I was spending too much time on Facebook and Twitter, so I took them off my home screen and replaced them with the Reeder and the Kindle apps, mostly to go back to reading the good stuff whenever I have a few minutes. The Kindle app is getting a lot of use, largely due to the new custom Amazon-made typeface, Bookerly.
So far it’s gotten a pretty good reception. As Fast Company’s Design blog noted, “In appearance, it looks something like if Baskerville, a 225-year-old typeface that has been shown to shape our perception of truth, and Caecilia made a baby.” That line is harsh. I actually find it easy to read on the iPhone and iPad but just okay on the Kindle Fire. This is a custom font that is a replacement for Caecilia, which until recently was the Kindle app’s default font. I am confounded by the fact that it is not available on Kindle Voyage, which is an amazing book reader in every sense of the word except typography. (By the way, Google recently upgraded its default eReader typeface to Literata, while it seems like Apple’s iBooks long-forgotten software uses Iowan typeface as a default, though I like Athelas.) Typographers are of the opinion that the real improvement for Kindle will be when there is hyphenation for reflowing text at different sizes. According to experts, Amazon has to reformat its library book by book, which will take time.
After reading the Fast Company story, I emailed typography and font legend Erik Spiekermann to see what he thought of the changes. He wrote back, “It’s ok, but late. I am shocked that it took these people many years to arrive at standards of typedesign and typography that have been with us since the late 15th century. They could have asked me or one of the many other designers who know more about type than everybody at Amazon together.” Erik is going to be gracing Pi.co shortly, and we will be talking in great depth about typography and, well, how the digital world doesn’t think about typography as often as it should. He wasn’t much of a fan of the new Apple default font, which apparently is going to die a peaceful death with the emergence of San Francisco typeface everywhere.

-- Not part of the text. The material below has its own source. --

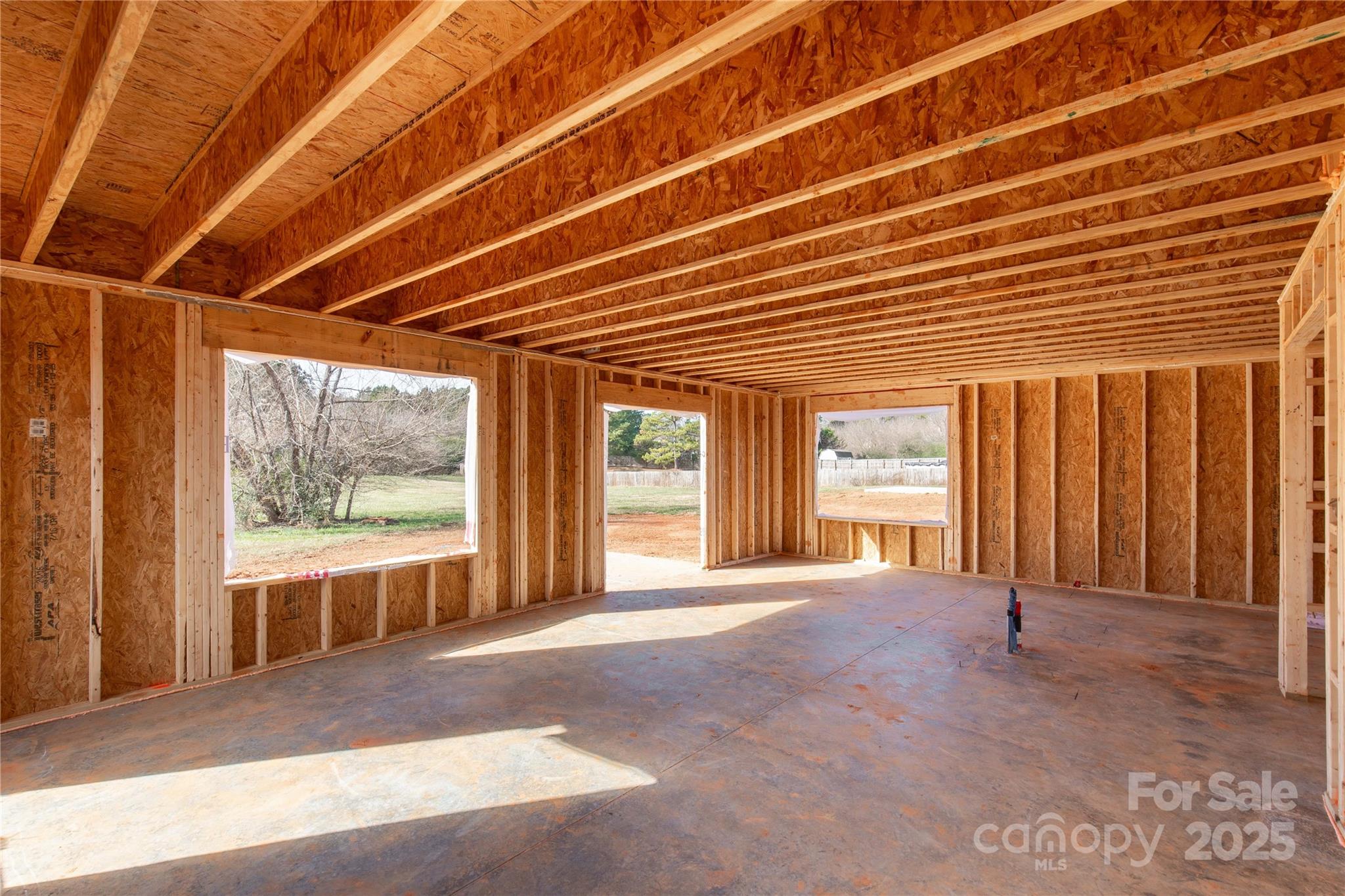 148 Longlea Drive Clover, SC 29710 - Photo 15 of 36 a view of a room with large windows and a swimming pool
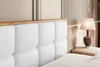 A close-up view of a white upholstered headboard with a wooden trim, next to a bedside table with a lamp. Produktbild-Vorschau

Update: Regular reader Edward Campbell wrote me this wonderful email, which I thought was worth sharing:
I downloaded Kindle app on both my iPad and iMac as part preparation for my return to early studies of Existentialism in the 1950’s — kicking off with Camus’ THE STRANGER. The first thing that struck me was the font — without going into the detailed investigation you’re capable of. It just felt so familiar. Now, after reading your recent post, I realize the font is similar to what was used for textbooks, especially literature texts, in grammar school/elementary school days in the 1940’s, 1950’s, in my New England-factory town school days. Before I was conscious of philosophy; but, trending through omnivorous consumption of any and all literature. What a feeling. It was like an old friend in the room — even though I was sitting in the living room or outdoors in the portal of our workshop reading from an iPad instead of an actual book.